Your instructions:
From the data below, return only the lines from the one with "a vegan slaughterhouse" through the one with "Sorrul Hairy Reed", exact and inclusive, with pictures left out.

Excerpted data:
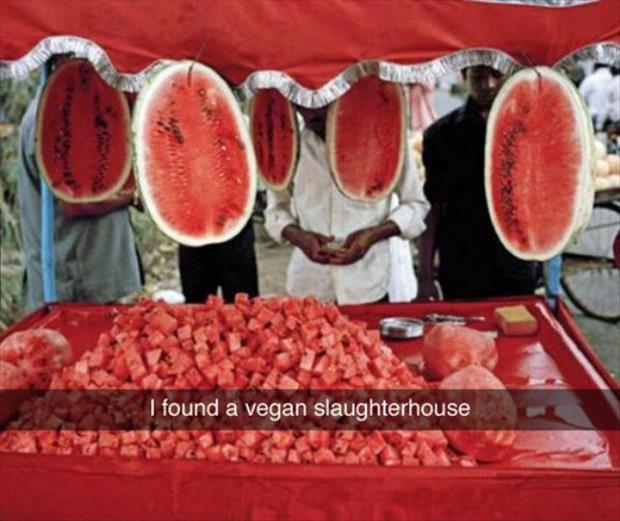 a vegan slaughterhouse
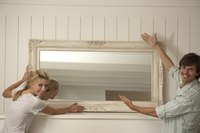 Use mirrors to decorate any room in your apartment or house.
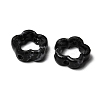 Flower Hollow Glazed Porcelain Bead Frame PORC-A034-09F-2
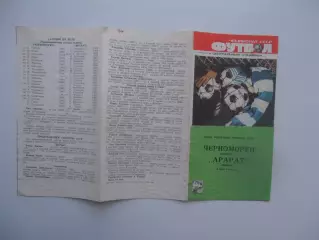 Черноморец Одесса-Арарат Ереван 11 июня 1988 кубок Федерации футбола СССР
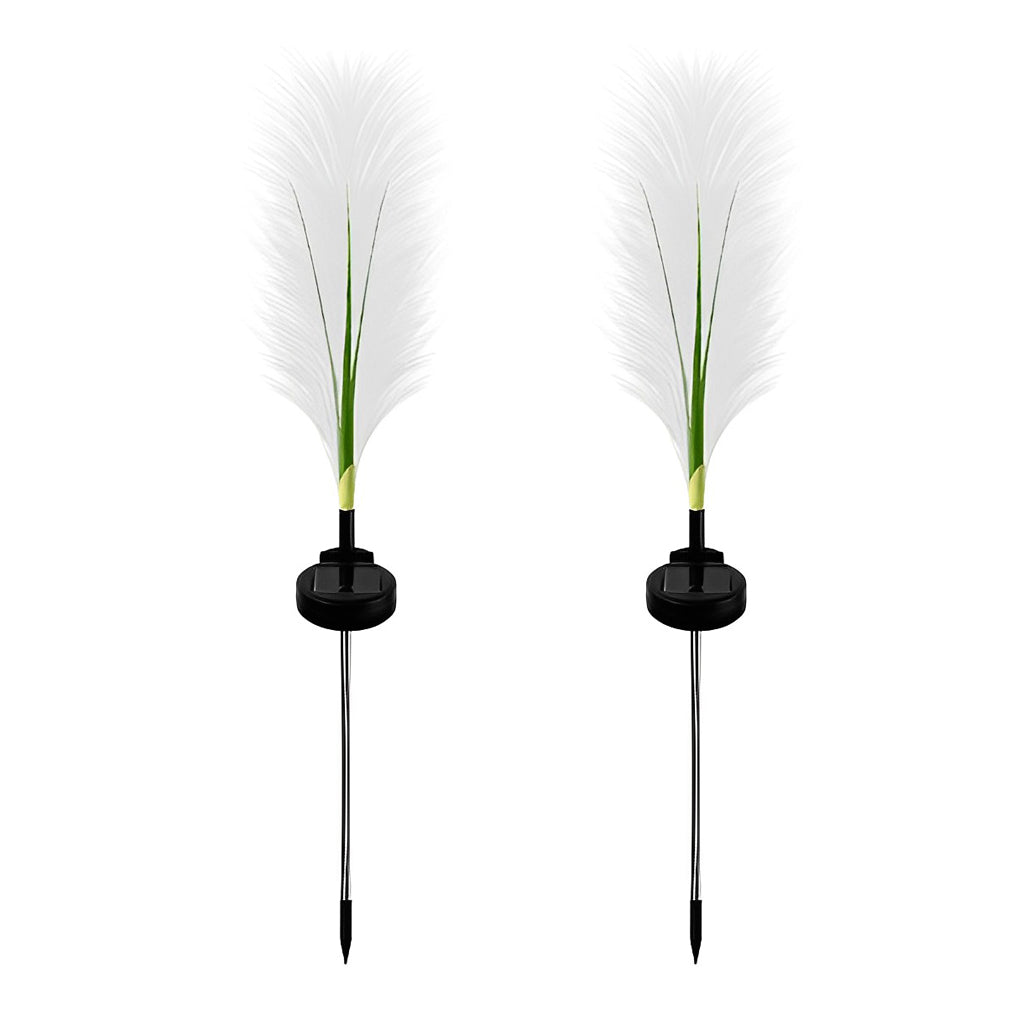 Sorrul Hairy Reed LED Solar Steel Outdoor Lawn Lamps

--

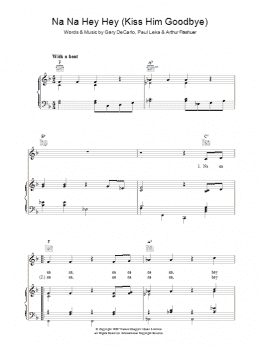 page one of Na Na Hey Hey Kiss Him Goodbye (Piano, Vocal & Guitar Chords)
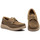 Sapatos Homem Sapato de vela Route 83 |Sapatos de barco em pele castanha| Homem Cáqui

Result:
 a vegan slaughterhouse
 Use mirrors to decorate any room in your apartment or house.
 Flower Hollow Glazed Porcelain Bead Frame PORC-A034-09F-2
 Черноморец Одесса-Арарат Ереван 11 июня 1988 кубок Федерации футбола СССР
 Sorrul Hairy Reed LED Solar Steel Outdoor Lawn Lamps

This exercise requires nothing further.